A crisis is brewing at the Nigeria National Petroleum Company Limited (NNPCL) Staff Cooperative Multipurpose Society, Lagos, following allegations of financial misappropriation against executives.
Some aggrieved members of the society have urged the Economic and Financial Crimes Commission (EFCC) to investigate the alleged diversion of funds in the association and attempts to obstruct a forensic audit into the cooperative’s financial records.
The society, which comprises over 4,000 members drawn from NNPCL employees, is also caught up in leadership tussles as the members allege that the executives have refused to render financial accounts since 2022.
At the heart of the controversy is an alleged N806 million loss as captured in the cooperative’s 2022 financial report.

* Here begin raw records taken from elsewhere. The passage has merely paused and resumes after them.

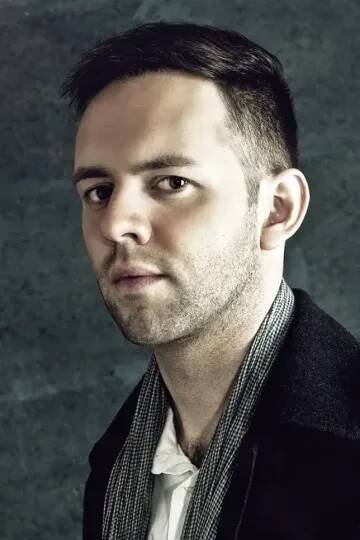 Michael Foret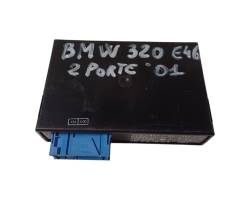 Unité commande module régulateur vitesse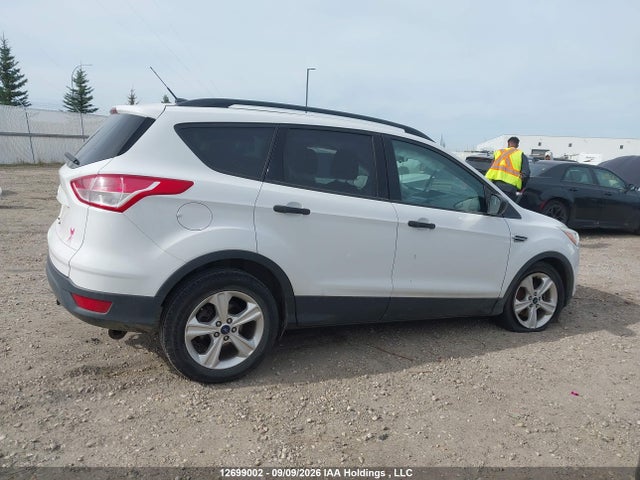 Ford ESCAPE S 2016 1FMCU0F74GUA56088 Image 12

Members also accused the management of planning to pay N180 million to a contractor for a failed project without justification.
Addressing journalists on behalf of the aggrieved members yesterday in Abuja, Elder Ante Ante said the crisis has festered due to the refusal of the committee to convene a statutory Annual General Meeting (AGM) to address the audit findings and concerns raised by members.

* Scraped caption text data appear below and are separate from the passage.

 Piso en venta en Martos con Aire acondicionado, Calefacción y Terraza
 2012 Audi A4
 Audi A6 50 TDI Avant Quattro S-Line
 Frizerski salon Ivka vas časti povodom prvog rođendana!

He alleged that efforts to institute a forensic audit, reportedly proposed by the President of the Society, Adebusuyi, have been frustrated by other members of the management committee, who he accused of resisting accountability.
Rather than convene the statutory Annual General Meeting (AGM) to address concerns raised in the 2022 audit, Ante said the committee members have been caught up in power struggles.
He added that all efforts to institute an independent forensic audit, reportedly proposed by the society’s President, were allegedly blocked by committee members opposed to scrutiny.
Ante recalled that the society had faced a similar scandal between 2011 and 2015, when a former president was indicted and forced by the EFCC to refund misappropriated funds.
Ante observed that members insisted that only an independent audit firm can credibly assess the true state of the society’s finances, saying that such a firm should not be the one imposed by the Lagos State Ministry of Commerce, Cooperative, Trade and Investment, which the members accuse of partisanship and complicity in the ongoing crisis.